It's looking like a sunny weekend for much of the country but Cyclone Hola is waiting in the wings.
As most of the North Island bathes in sunshine this weekend Cyclone Hola is heading our way with gale-force winds and heavy rain expected come Monday.
Meteorologists will be able to give more precise information tonight but they know this much - it is going to be wet and wild.
The tropical cyclone that has battered Vanuatu with winds of up to 230km/h was last night at Category 2 strength after being downgraded twice, but still packed strong winds.
The roof of a classroom was blown off and some houses collapsed in Vanuatu. There was also one death from a falling tree reported.
Sustained winds of 170km/h had been recorded with gusts of 230km/h. Meteo-France said.
Those on the Loyalty Islands were last night hunkering down as gusts of more than 160km/h were expected while heavy rain was forecast for the rest of the New Caledonia islands until today.
In New Zealand the cyclone - which will likely disintegrate into an ex-tropical cyclone by the time it gets here - was not expected to hit until Monday said meteorologist Brian Mercer of Metservice.
In the meantime the South Island would see some rain this weekend - especially around Fiordland.
The North Island would have a mostly fine weekend with some scattered showers over Northland.
"You would be quite unlucky to get anything there."
The Fiji Meteorological Service is today tracking Cyclone Hola through the Pacific and tomorrow New Zealand will take over - with gales and heavy rain forecast for Monday and into Tuesday.
Mercer said there was still a great deal of uncertainty around the intensity of Hola and its projected path.
Based on the current forecast track of the cyclone, there is a high risk of heavy rain and severe gales in Northland, Auckland, Coromandel Peninsula, Waikato, Bay of Plenty and Gisborne from early Monday through to Tuesday.
People in those areas were urged to keep up to date with the latest forecasts from MetService.
Hola is expected to cause significant damage and disruption if it does affect the North Island.
That news is not good for residents in the central North Island who are still in clean up mode after a sodden couple of days.
On Thursday heavy rain and flooding damaged more than 80 homes in Hawke's Bay and washed out sections of rail line.
It is expected to take several weeks to clear some roads of damage.
Evacuees returned home to check the damage, with Hastings District Council teams going door-to-door yesterday in the worst hit areas around Esk Valley and Rissington to assess homes and the needs of residents.
In some areas the water got so high household belongings from neighbouring properties floated over fences.
Meanwhile 112 of the people who were trapped at Blue Duck Station, near National Park, after slips blocked the roads and knocked out power were airlifted out yesterday.
Helicopters were used to fly the stranded tourists and some staff to National Park. Ten people remained at the lodge.

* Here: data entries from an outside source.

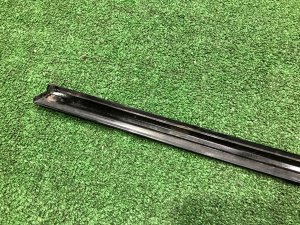 Молдинг бокового стекла левый LAND ROVER RANGE ROVER SPORT OEM LR044118 2019
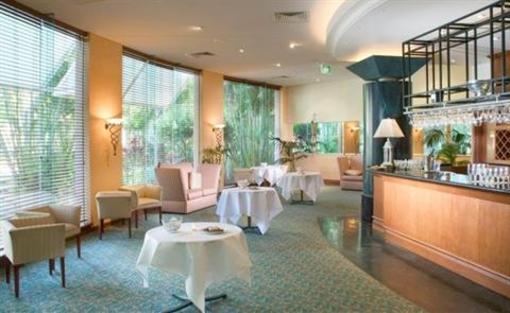 фото отеля Crowne Plaza Hotel Gold Tower Surfers Paradise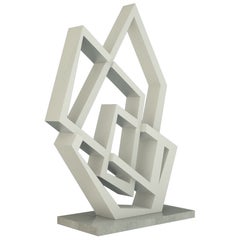 Scultura alta moderna geometrica in alluminio fatta a mano su base di marmo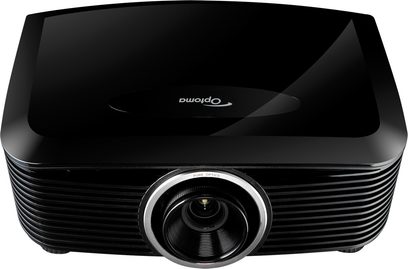 Optoma EX785 sort videoprojektor, set forfra, centreret linse, sideventilationsriste, sølvfarvet logo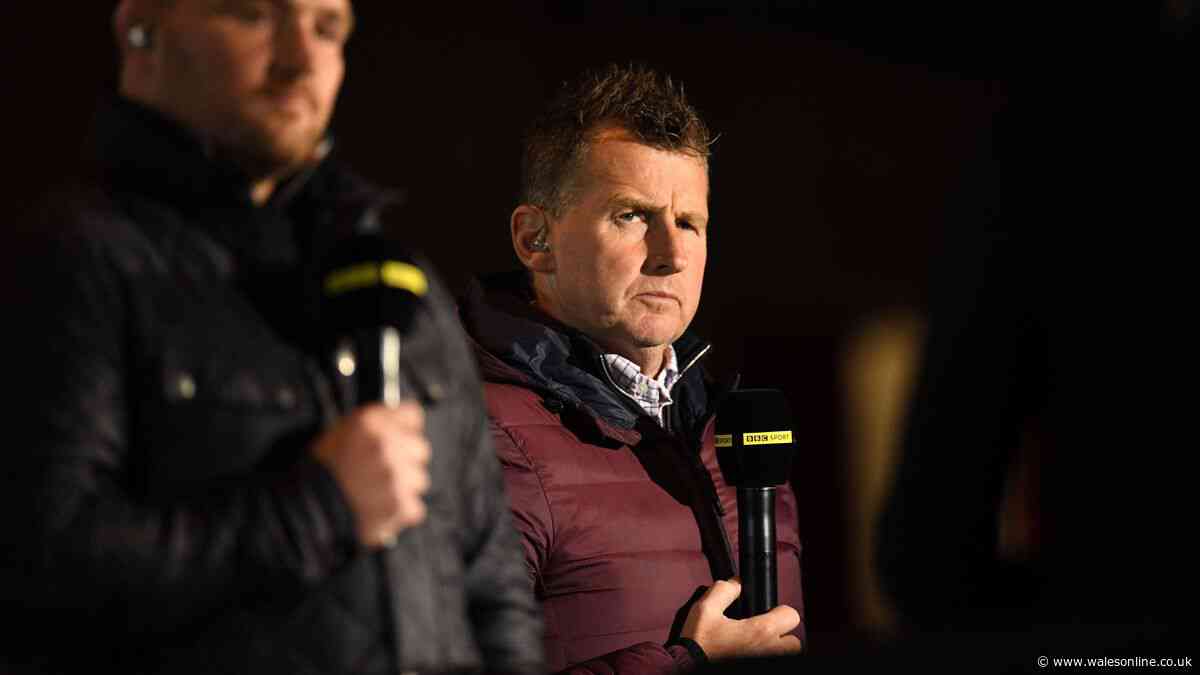 Nigel Owens: World Rugby must take definitive stand and Louis Rees-Zammit is right
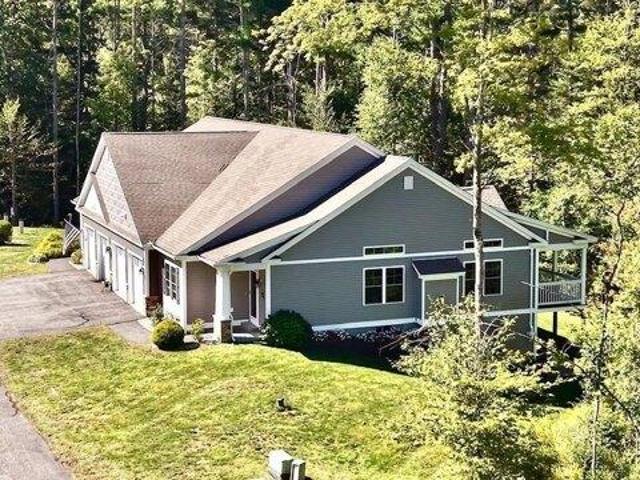 condo with 2 bedroom, Chesterfield NH ES105610019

Reestablishing road access into the station was now a priority for the Ruapehu District Council but it could take a while due to the extent of the damage.
After drying out this weekend those areas will be on high alert again from Monday with the risk for heavy rain and severe gales moderate for the central North Island from Waitomo, Taranaki across to Hawke's Bay, including the Tongariro National Park and the Whanganui Hill Country.